ChroniqueRien ne devrait empêcher nos imams éclairés (je ne parle pas de ceux qui, par principe, ne veulent jamais rien changer) de prescrire, dans le cas où le défunt aurait de la famille à l’étranger, d’attendre quelques jours avant de le mettre en terre.

Le 15/01/2025 à 11h00

Jeudi dernier, CNN a diffusé en direct les obsèques de Jimmy Carter. L’ancien président des États-Unis est décédé à l’âge vénérable de 100 ans. Pour lui rendre un dernier hommage, les quatre anciens présidents américains, plus Joe Biden, étaient présents à la cathédrale de Washington. Ce fut, ma foi, une belle et digne cérémonie. Chaque corps d’armée était représenté pour porter le cercueil.
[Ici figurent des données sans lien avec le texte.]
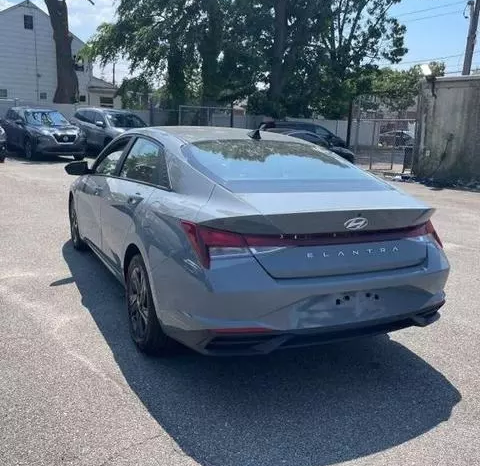 
								Hyundai Elantra full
Vingt et un coups de canon ont été tirés et des discours émouvants, parfois avec une pointe d’humour, furent prononcés. L’organisation était impeccable.
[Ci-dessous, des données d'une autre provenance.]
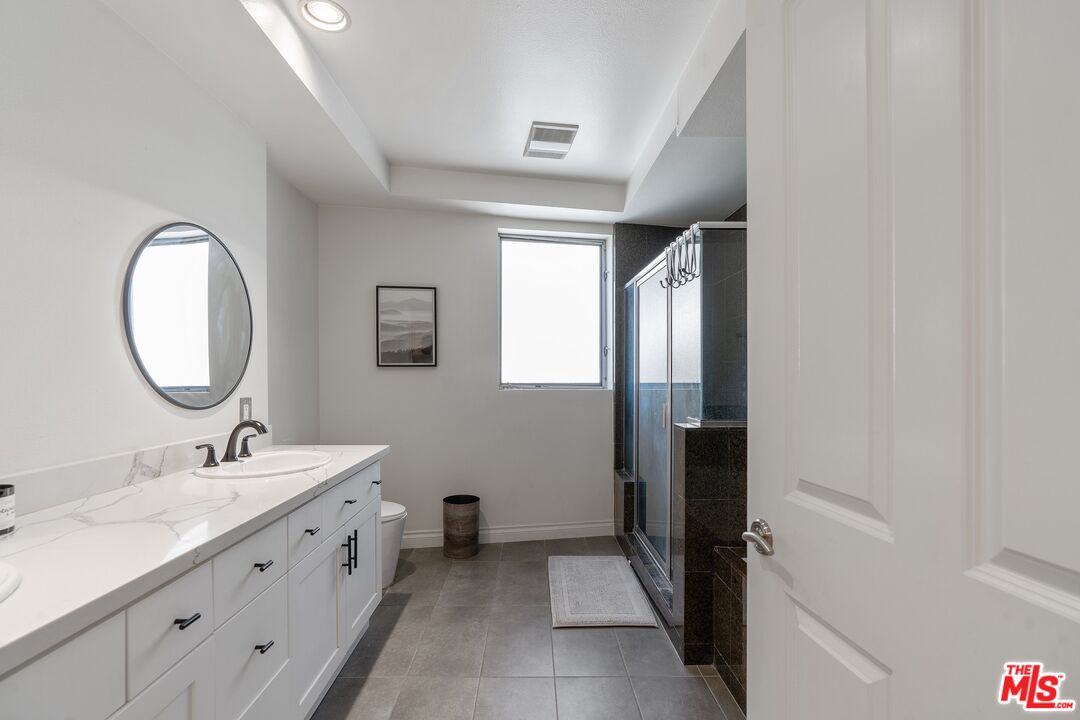 2111 S Beverly Glen Blvd Unit: 103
Vous vous demandez peut-être pourquoi je vous parle de ça. Serais-je devenu le correspondant du Le360.ma à Washington?

Non. Je hante toujours les R’hamna, pour le meilleur et pour le pire. En fait, si cette cérémonie m’a tant intéressé, c’est pour une raison plus personnelle, plus ‘locale’. Dans le droit fil de mon article de la semaine dernière (‘Ce que veulent les MRE’), je me suis souvenu de ce que m’avait dit un jour un émigré marocain à Helsinki, en Finlande, alors que j’y étais en vacances.

- Mon père est mort soudainement, à Casablanca, il y a quelques mois. Le temps qu’on m’en avise, que je prenne quelques jours de congé, que je descende en voiture de Rovaniemi à Helsinki, que je trouve un vol (avec escale) vers le Maroc et que j’arrive enfin à destination, mon père avait déjà été enterré et toute la famille, qui était venue à Casa pour les obsèques, s’était dispersée. Je me suis retrouvé tout seul devant une tombe. On peut imaginer meilleur adieu à son géniteur.

Le maroco-finnois (nommons-le Larbi) avait tiré sur sa cigarette (très mauvaise habitude) puis avait continué:

- Au fond, pourquoi enterre-t-on les gens dans les 24 heures qui suivent leur décès? Ça avait un sens à Médine ou La Mecque il y a quatorze siècles, quand une chaleur suffocante et l’absence de réfrigération faisaient que les cadavres commençaient immédiatement à se décomposer et à sentir. Mais aujourd’hui que nous avons des chambres froides performantes, pourquoi ne pas attendre quelques jours quand le défunt a de la famille en Europe ou aux États-Unis?

«On nous dit que chez nous, l’inhumation doit avoir lieu avant le coucher du soleil si le décès a eu lieu le matin, le lendemain matin s’il est survenu le soir; mais je n’ai pas trouvé cela dans le Coran.»

Jeudi dernier, je me suis donc souvenu de la discussion que j’avais eue à Helsinki avec Larbi et son argumentation m’est apparue encore plus convaincante. Si on avait inhumé Jimmy Carter dans les vingt-quatre heures qui ont suivi sa mort, il aurait été impossible de rassembler toute sa famille, cinq présidents et une douzaine de dignitaires étrangers venus de loin; et on n’aurait certainement pas pu organiser une aussi belle cérémonie.

On nous dit que chez nous, l’inhumation doit avoir lieu avant le coucher du soleil si le décès a eu lieu le matin, le lendemain matin s’il est survenu le soir; mais je n’ai pas trouvé cela dans le Coran: ce n’est donc pas une obligation religieuse. Encore une fois, ce n’est qu’une tradition qui date des temps où les chambres froides des morgues n’existaient pas.

Par conséquent, rien ne devrait empêcher nos imams éclairés (je ne parle pas de ceux qui, par principe, ne veulent jamais rien changer) de prescrire, dans le cas où le défunt aurait de la famille à l’étranger, d’attendre quelques jours avant de le mettre en terre.

C’est trop tard pour le papa de Larbi de Rovaniemi, mais vous auriez ainsi, imams de progrès, la reconnaissance éternelle de maints MRE -et peut-être aussi celle de nos chers disparus.